I guess their enemies didn't exactly appear to be "burned-out embers."  Neither do mine.  The enemies of fear, anxiety, discouragement...fill in the name of your enemies...seem alive and well and quite capable of overwhelming.  I forget that they are, in fact, a defeated foe.  Their power destroyed by the cross.  Power and authority over them granted to me.*


In the face of his doubt that these fierce enemies (who had a frightening track record!) were powerless to harm him, King Ahaz was challenged to ask for a sign, "Make it as difficult as you want--as high as heaven or as deep as the place of the dead."  He refused to ask for such a sign, but he was given one anyway.


"All right then, the Lord himself will give you the sign.  Look!  A virgin will conceive..."  Yep, that's pretty difficult.  Now I can't prove to you that, in fact, a virgin did conceive.  Naysayers abound.  I believe.  This I know for sure--He is indeed Immanuel, God with me!
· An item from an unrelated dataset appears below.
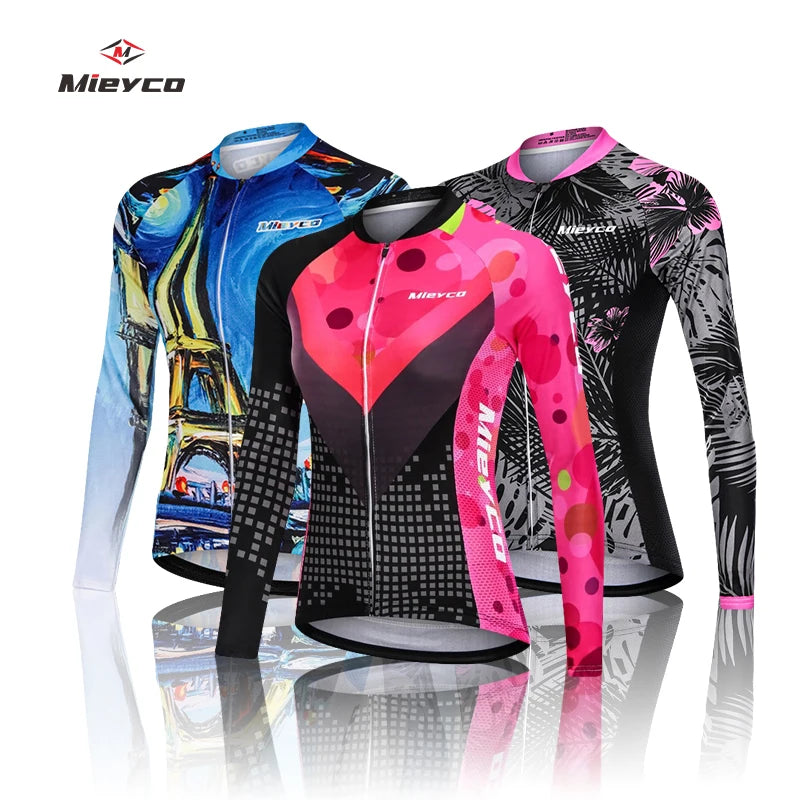 Women's Lightweight Long-Sleeve Cycling Jersey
Signs of His presence surround me.  I hear it in the laughter of my children.  I see it in the glory of orange and pink splashed across the evening sky.  I see it in the lives of my friends Paul and Judy who are spending Christmas on the other side of the world caring for the heart-broken and hungry.  I hear it in the peaceful voice of my sister-in-love who still waits for her miracle. 


For all the promises I still wait to see fulfilled, I have the comfort of the fulfilment of this one.


He is present, with us, in the midst of the mess of life.


Immanuel.




Isaiah 7
*Ephesians 2:6

Friday, December 9, 2011

The Amaryllis

I have an amaryllis that I cut back every year after it blooms.  I put it in my root cellar until the next winter when I get it out and begin to water it.  This year it started to grow before I brought it out.

In the pitch dark.

Without water.

It's like it couldn't help itself--it just had to grow.

Now in these bleak, short winter days it sits on my table--glowing, vibrant and alive.  It is whispering mysteries that my heart grasps with hope, though my brain hardly comprehends.



This flower has grown from a corruptible seed--a seed that will really and truly die someday--and yet its life seems unquenchable.  How much more the life that's been planted inside me that is eternal and will never die?

Sometimes I don't feel very alive...  I'm mostly just trying to keep my head above water and this worries me...

However, what we feel isn't always the truth.

The truth is that His life makes us alive, it cannot be defeated.  Its glory cannot be contained.



The blazing red flower shouts of life and reminds me that it is the One who began the good work in my life who will finish it!  It whispers of rest--that He's got it all in His hands, Author and Finisher.  His Life within me will live and grow even in weary times or times of struggle.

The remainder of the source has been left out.